The first thing which springs to mind when considering this question is the ‘urban bus shelter’ shot, which I have come to think is something of a student trope – every blog should have at least one rendition of this evocative object. But when I looked for examples to use for review on this blog I was surprised to find very few on Google image search. I had been harboring the notion that these pictures were prolific, but perhaps that’s not the case. Perhaps the idea that they are commonplace has itself become a trope! The vandalised bus shelter stands in for a familiar representation of urban decay; it is shorthand for neglect and is readily recognised by most people.
But in order for the object or environment to function as a metaphor it must not be too literal. It helps if it is shown almost in isolation, without interference from competitors for attention. A distillation of the idea, a picture which embodies the essence of the message without laboriously spelling out every syllable. There should be room available for the individual viewer to exercise some imaginative hops of their own however, so that they can have a sense of ownership of the connections.
There must be some familiarity with the metaphor for it to function effectively – it must be within the experience of the viewer. If I am unfamiliar with the characteristically unpleasant smell of, say, an exotic fruit I am unlikely to grasp the significance of its inclusion in a deodorant commercial. This is where object metaphor can easily fail, where the link becomes just too tenuous to work properly, so it can be a fine balance between obscurity and familiarity. Another risk is over-use. Some object metaphors have become hopelessly clichéd, like the Cadbury’s flake and its phallic associations. This can be difficult to get away from – I am amused by the Melanie Safka quote, “If it’s longer than it’s wide, it’s phallic”

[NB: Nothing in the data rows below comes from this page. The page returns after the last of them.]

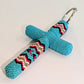 Beaded Cross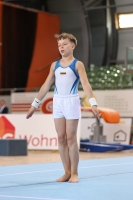 Thumbnail - JT III - Azuolas Gabrauskas - Gymnastique Artistique - 2022 - egWohnen JuniorsTrophy - Participants - Litauen 02051_10099.jpg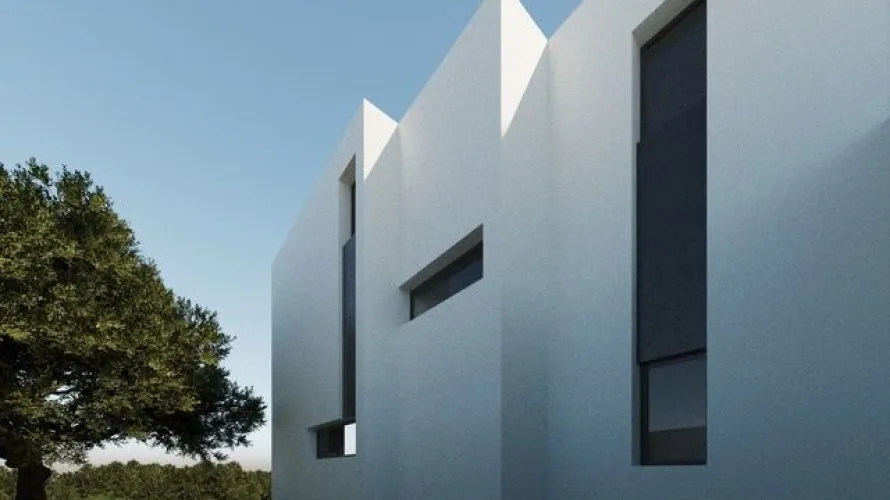 220m² villa for sale, Altea, Spain No. 2546 № 24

Photographers are hampered by the literalness of the camera function. It returns a very close approximation of what is put before it, so when it comes to photographing a feeling, for example, the painter is at a considerable advantage in having at his disposal the endlessly malleable qualities of paint. However the photographer can draw on the equally expressive vector of the metaphor by selecting objects which in isolation may appear to have no bearing on the emotion, but when seen in a particular context convey powerful meaning.
The photographic metaphor acts like a catalyst in generating meaning. It does not form part of the final product but is instrumental in its manufacture.